Tourmentées par des souvenirs de leur enfance, Shiori Ota et Lena Bühler, nos coups de cœur de la semaine, ont choisi la photographie comme thérapie. Tandis que l’une dresse un portrait inclusif du monde souvent impitoyable du mannequinat, l’autre dévoile avec poésie ses émotions, ses peurs et ses rêves.
Shiori Ota
« Lorsque j’étais adolescente, je ne me sentais pas à l’aise avec la vision que j’avais de mon corps, car je ressentais une forte pression pour devenir plus mince et ressembler aux “normes de beauté de la société”, qui sont représentées dans les magazines de mode, les publicités et bien d’autres choses encore », se souvient Shiori Ota.
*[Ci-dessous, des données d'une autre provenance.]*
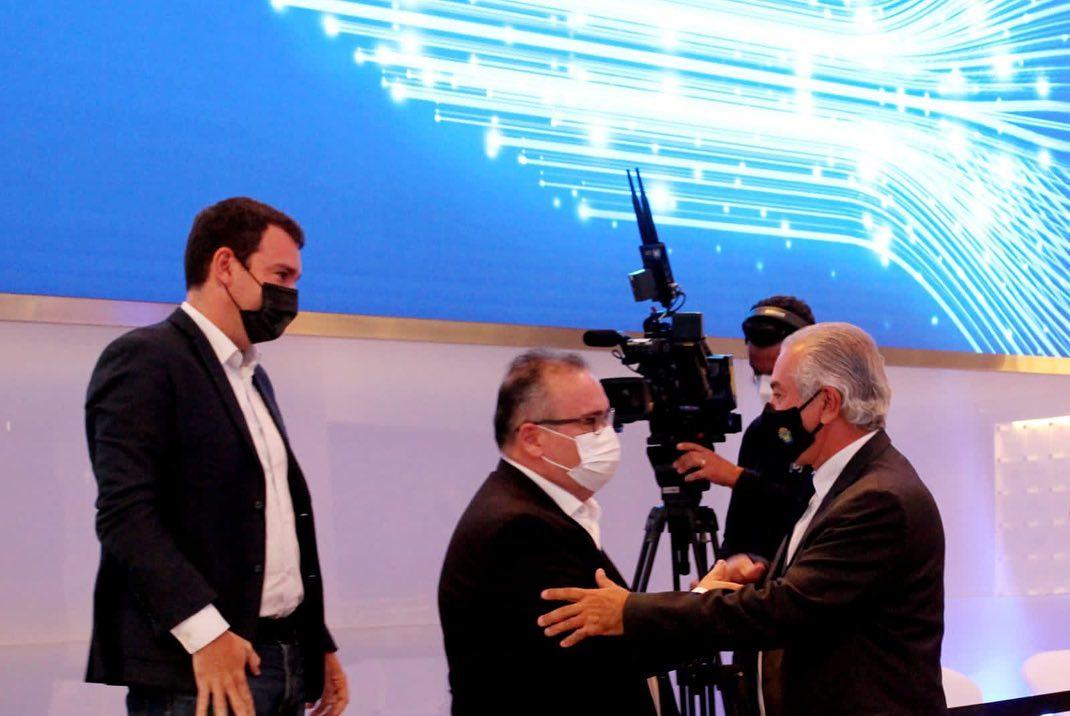 Garantimos na tarde de hoje a implantação da rede de fibra ótica para todo o MS, com custos reduzidos.  Garantimos na tarde de hoje a implantação da rede de fibra ótica para todo o MS, com custos reduzidos.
Officiant aujourd’hui dans cette industrie, la photographe japonaise essaye, au travers de chacune de ses séries, de « [se] prouver que, quelle que soit son apparence, on peut toujours briller à sa manière ». Aussi Giant Pink Star, imaginée en collaboration avec la styliste tokyoïte Yuna Kume, ne fait-elle pas exception à la règle. À l’image, des mannequins de diverses corpulences se révèlent telles qu’elles sont, dans des espaces familiers aux nuances édulcorées. Bien loin du stress que peuvent occasionner les métropoles et leur quotidien affairé, le bien-être domine et le temps passé en ligne se multiplie. « Je m’inspire souvent de mes expériences négatives pour les transformer en œuvres qui me donnent une énergie plus positive. Ici, je souhaitais créer une sorte d’évasion », achève l’artiste.
Lena Bühler
À travers The Wall of Silence, Lena Bühler interroge le malaise qui l’a envahie suite à un événement douloureux, les souvenirs qui restent et les émotions refoulées. Originaire de Suisse, la photographe quitte son pays en 2022 pour déménager en Suède afin d’explorer sa pratique artistique et ses racines suédoises. « À l’âge de 7 ans, un professeur m’a dit que je pleurais trop. Depuis, j’ai tout intériorisé, mais les émotions bouillonnaient encore en moi. Dès que j’ai rejoint la Suède, mon cœur s’est étonnamment détendu, la peur et la colère se sont lentement calmées. Avec la distance, j’ai réalisé que je devais revenir à la haine que je ressentais pour briser l’armure que j’incarnais. C’est ainsi que j’ai enfin trouvé la paix », confie l’artiste. Se définissant elle-même comme une personne silencieuse, réservée et observatrice, Lena Bühler compose un univers imprégné d’une lumière vive et blanche pour mieux conter l’isolement, les rêves et la douleur. « Capturer une image est un exercice intuitif et sensible qui me permet de libérer ma voix. Je mémorise des moments et des pensées pour en faire des images calmes et poétiques. Les impressions floues, les figures qui s’estompent et les paysages lumineux me captivent », précise-t-elle. En s’inspirant des projets liés à l’identité et à l’invisible de SMITH, Lena Bühler partage à cœur ouvert des visuels aussi doux que percutants qui agissent pour elle comme une thérapie.